Ганька ничего ему не ответил…
Под вечер Ганька, Федор Михайлович и приглашенный Кум Кумыч мылись в жарко натопленной бане. Первым полез на полок париться Кум Кумыч.
— А ну поддай, сват! Поддай, чтобы дома не журились! — попросил он Федора Михайловича. — Люблю погреть старые косточки. Уж если будет невтерпеж, извините, париться я горазд, со мной и угореть немудрено.
Федор Михайлович плеснул на раскаленную каменку воду деревянным ковшом раз и другой. Облако горячего пара наполнило баню. У Ганьки приятно зачесались спина и плечи.
А Кум Кумыч, нахлестывая себя веником, блаженно стонал, ахал и требовал поддать еще.
Федор Михайлович поддавал и посмеивался, терпеливо дожидаясь своей очереди. В полном изнеможении спустился Кум Кумыч с полка и разлегся на лавке.
— Не угорел ты тут? — спросил он у хозяина.

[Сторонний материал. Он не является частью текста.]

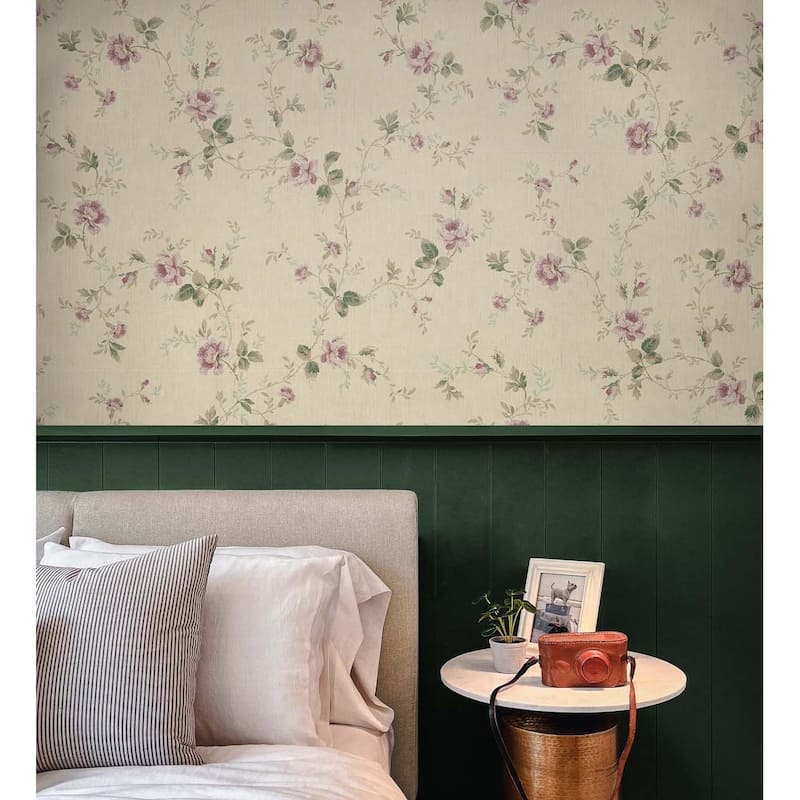 Seabrook Designs Reiter Floral Vine Unpasted Wallpaper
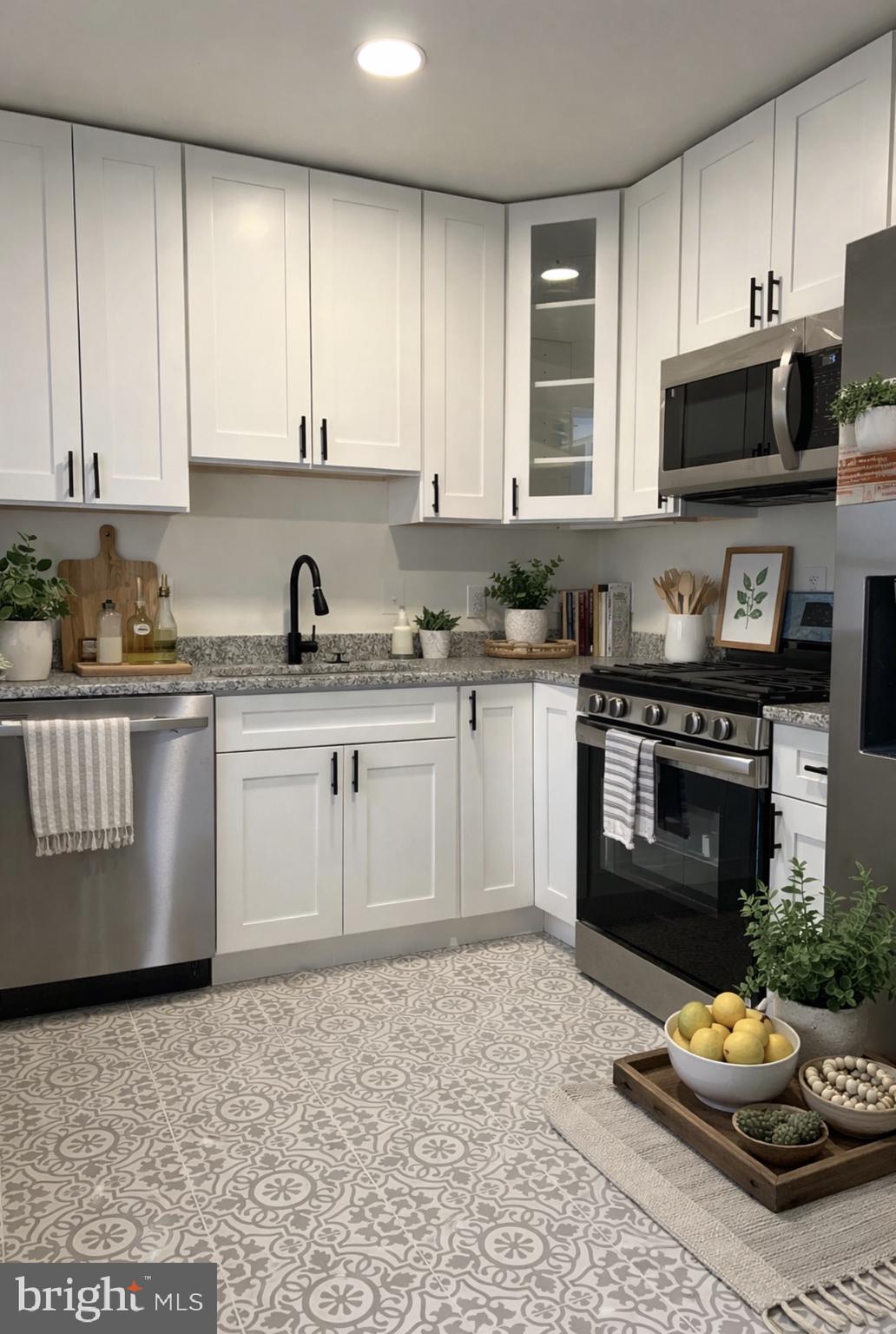 HILLCREST ESTATES - Residential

— Да нет, бог миловал, — ответил тот, распаривая на каменке веник. Затем надел на лысую голову шапку, на руки кожаные рукавицы и взобрался на полок.
— Плесни-ка, Гаврюха, сразу три ковшика, — попросил он. Ганька плеснул и от бурно хлынувшего во все стороны обжигающего пара присел на полу.
— Маловато! — добродушно рычал наверху усердно работавший веником старик. — Поддай ты мне не ковшиком, а лоханкой, какая побольше.
Ганька поднял ведерную лоханку с водой, изловчился, выплеснул ее и, ошпаренный, не сел, а растянулся на полу. Кум Кумыч, словно его ужалил сразу целый пчелиный рой, брякнулся с лавки и восхищенно запричитал:
— Вот это да! Это баня так баня! На полу дышать нельзя. Да слезай ты, сват, пока не изжарился. Ну тебя к черту с такой паркой… Будь, Гаврюха, добрый, распахни, к такой матери, дверь.
— Не открывай, Гаврюха, подожди. Я только еще во вкус вхожу. Пусть сват узнает, как в Подозерной парятся старые охотники, — отозвался, рыча и покряхтывая от удовольствия, разошедшийся старик.
Тогда Кум Кумыч сам добрался до двери, распахнул ее последним усилием и поник на заледенелом пороге, тяжело и часто дыша. Свежий морозный воздух, хлынув облаком в баню, быстро привел его в чувство. Одеваясь, он уже весело подтрунивал над собой и Федором Михайловичем, который сидел на полке и дожидался, когда они с Ганькой уйдут и оставят его одного, чтобы мог он попариться вволю.